Major upgrade to WebCSD – The small molecule crystal structure database

[Update 16th June: Added Note about Pymol 1.8.4]

The new version of WebCSD has arrived and with it, a few new important features, such as improved substructure searching, and advanced text searching. The Cambridge Crystallographic Data Centre (CCDC) houses the the Cambridge Structural Database (CSD), a repository of over over 875,000 small molecule structures from x-ray and neutron diffraction analyses.

Growth in the CSD. Graphic copyright The Cambridge Crystallographic Data Centre The Cambridge Structural Database, C. R. Groom, I. J. Bruno, M. P.
Lightfoot and S. C. Ward, Acta Cryst. (2016). B72, 171-179 DOI:

Traditionally, use of the CSD has been by institutional licensing of the desktop client Conquest, and by downloading periodic updates. The current release is May 2017. Recently a Java/Web interface WebCSD has become available for use, which contains fewer features compared to Conquest, but which is useful for accessing structures if you are out of the office or working from home. Unfortunately, I frequently had problems with the previous version which used to throw up lots of erroneous Java errors on Mac, claiming that the user had an out-of-date Java version. Happily this annoying bug seems to have gone with the new version.

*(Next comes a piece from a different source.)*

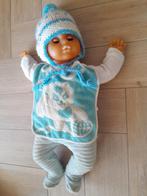 Oude pop met slaapogen, 66 cm lang, Ophalen of Verzenden, Babypop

Java Error with WebCSD v1.1.2 on Mac

Another confusing thing about the old WebCSD was that it used a different login system from the CCDC data deposition interface, requiring crystallographers or IT departments to maintain separate logins. In the new version you log in with your data deposition username/password at the main CCDC home page. The first thing you will notice is that the new CCDC home page now has two large button options:
Deposit structures and Access Structures.

new CCDC home page

Choosing Access structures takes you to the new WebCSD text and structure search interfaces in a familiar tab format.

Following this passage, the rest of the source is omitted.